[[ DATA EXTRACT, beginning ]]

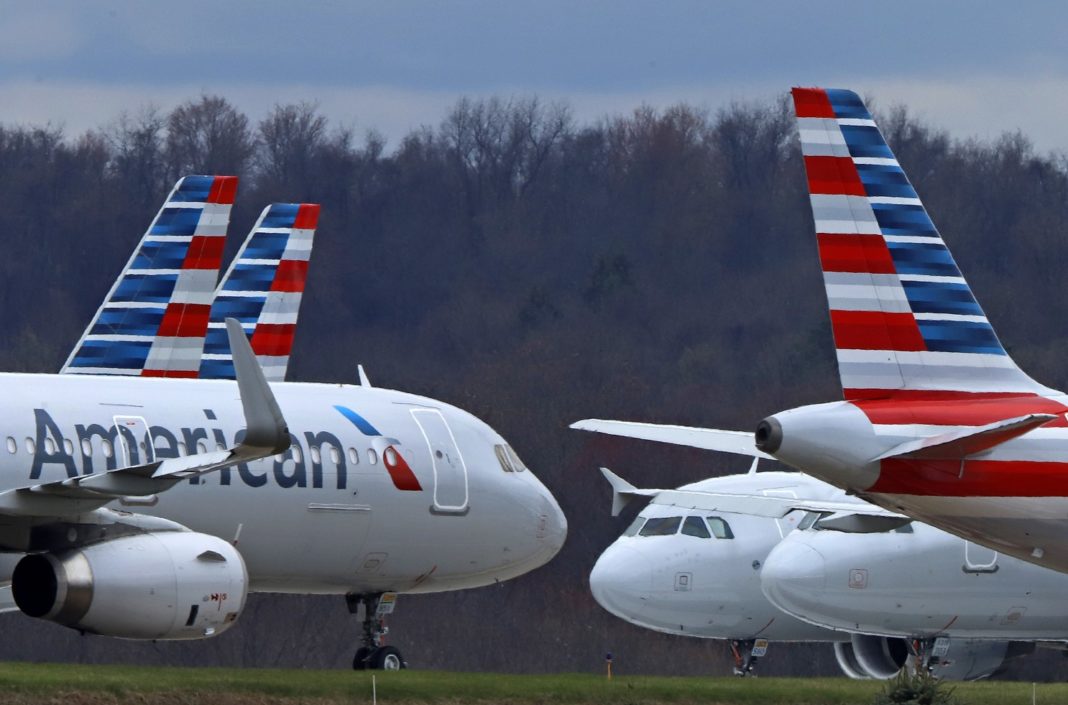 Dezinfectant cu efect îndelungat în avioanele companiei American Airlines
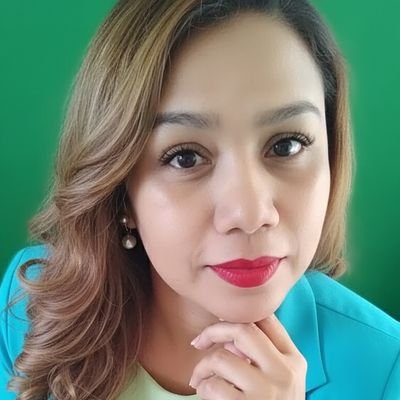 rosigore's profile picture. Sou uma pessoa que gosto de com viver com pessoas normais, curto praia, esporte, sou cristã, amo os animais, sou uma afiliada de sites super carismáticos.
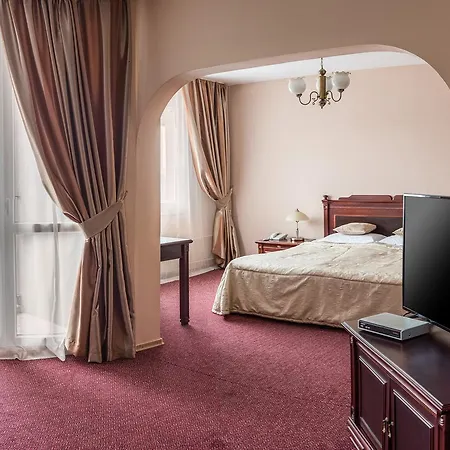Balkan Hotel 4*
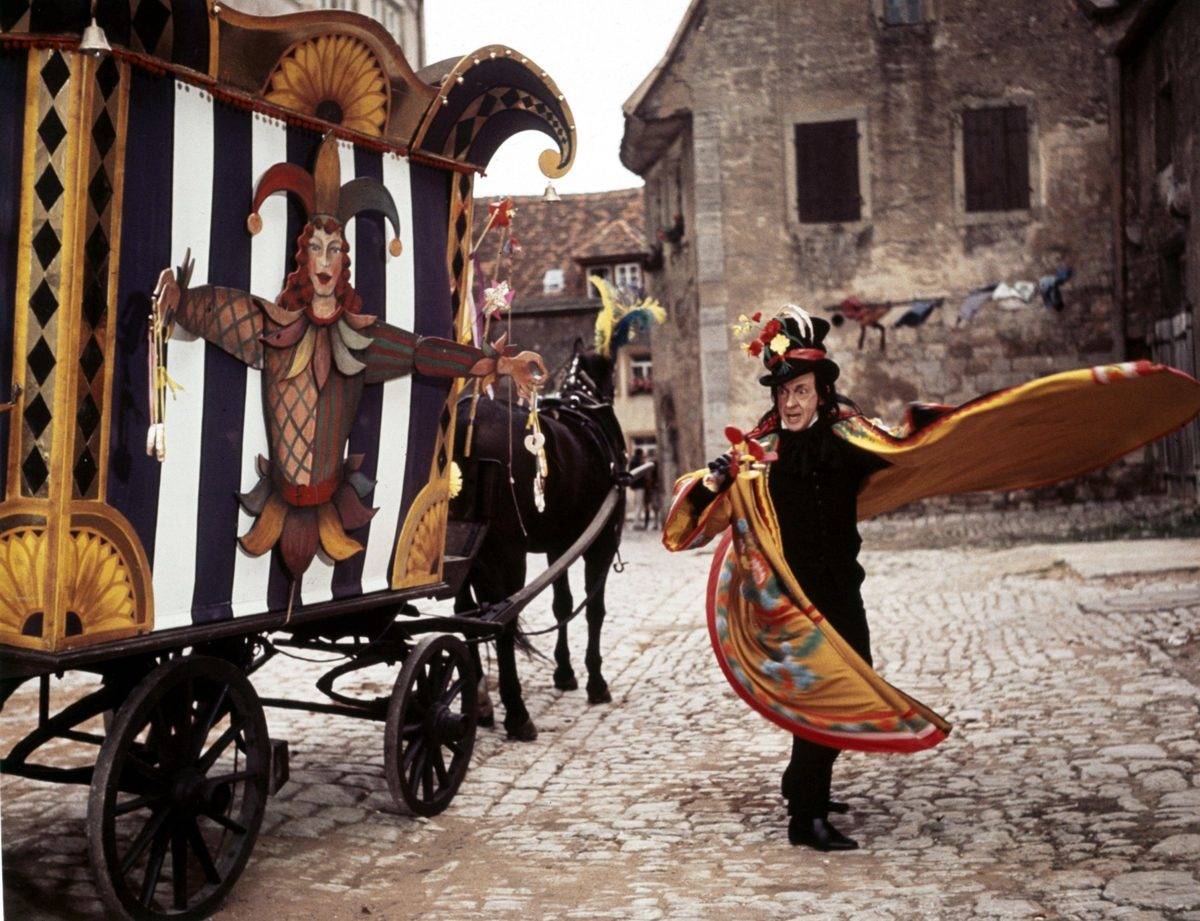 the child catcher with his carriage in chitty chitty bang bang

[[ DATA EXTRACT, end ]]

Set the listing down exactly, without its pictures.

> **PROBLEM SOLUTION**:
 Dezinfectant cu efect îndelungat în avioanele companiei American Airlines
 rosigore's profile picture. Sou uma pessoa que gosto de com viver com pessoas normais, curto praia, esporte, sou cristã, amo os animais, sou uma afiliada de sites super carismáticos.
Balkan Hotel 4*
 the child catcher with his carriage in chitty chitty bang bang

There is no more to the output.